Watching Last Year at Marienbad is like trying to figure out how to win the game that M always wins. Alain Resnais’s film takes away linear storytelling, conventional editing, character names, and our sense of fictional/reality in the world of the film. As frustrating as it is to watch and keep track of everything, I cannot stop playing the game. I cannot stop myself from trying to decipher the memory from the reality. Nor can I stop myself from appreciating the way Resnais offers the variety of ways of showing memory.

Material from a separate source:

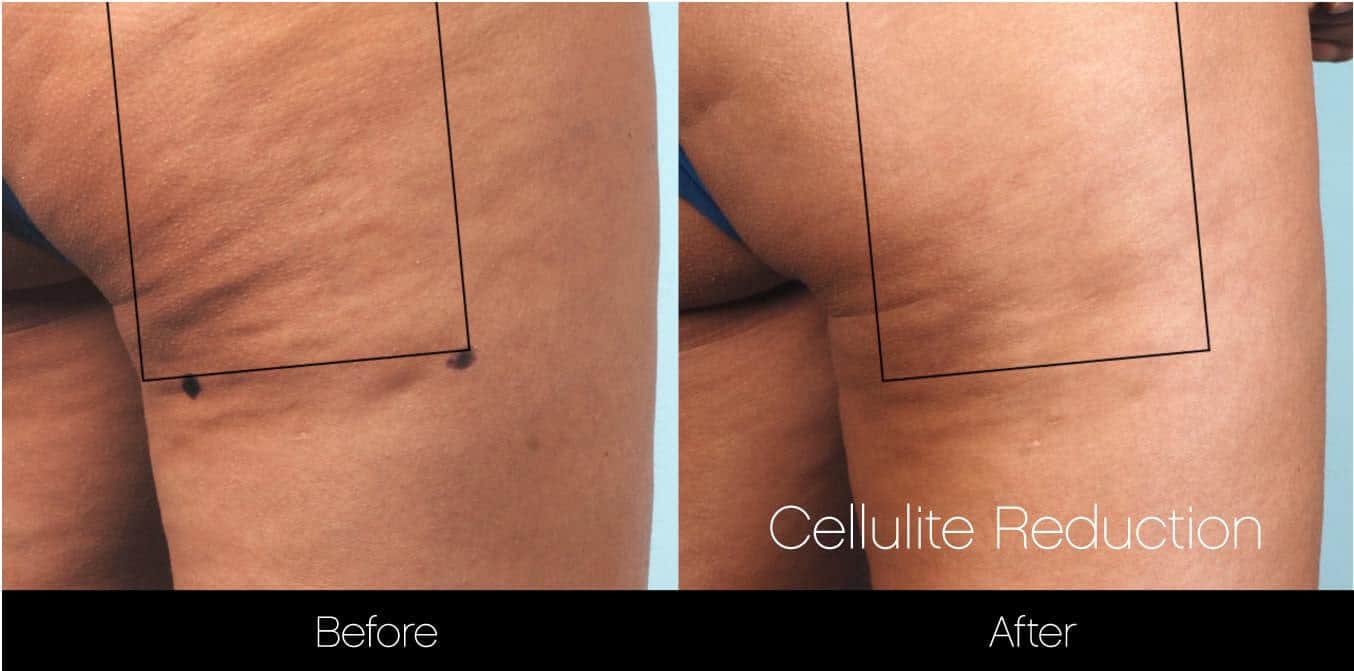 Cellulite Reduction Before and After Gallery – Photo 16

Sometimes we remember events in bright spurts like in the bar scene as A “remembers” a moment that has been whitewashed in her mind. Even though flashing scenes as a person suddenly remembers is a convention of modern filmmaking, the high contrast between the black “real” world and the white “memory” world feels innovative. But sometimes we remember by repetition. As Resnais illustrates in the scene in which X tells A when they were in the bedroom yet showing them outside, if we repeatedly remember the wrong thing, then we have created a false memory that does not reflect what truly happened. Sometimes we recall moments in our lives as a performance as the opening scene demonstrates. People play their roles in our lives though sometimes we do not accurately remember what their roles were in reality. M starts off as a random hotel guest but as the film progresses he becomes A’s husband.
So what really happened to X and A? Are they even real people or a figment of someone's imagination? Even trying to watch the film a second time, I did not win. Resnais always wins by showing us how we play with our own minds to remember what we want to remember.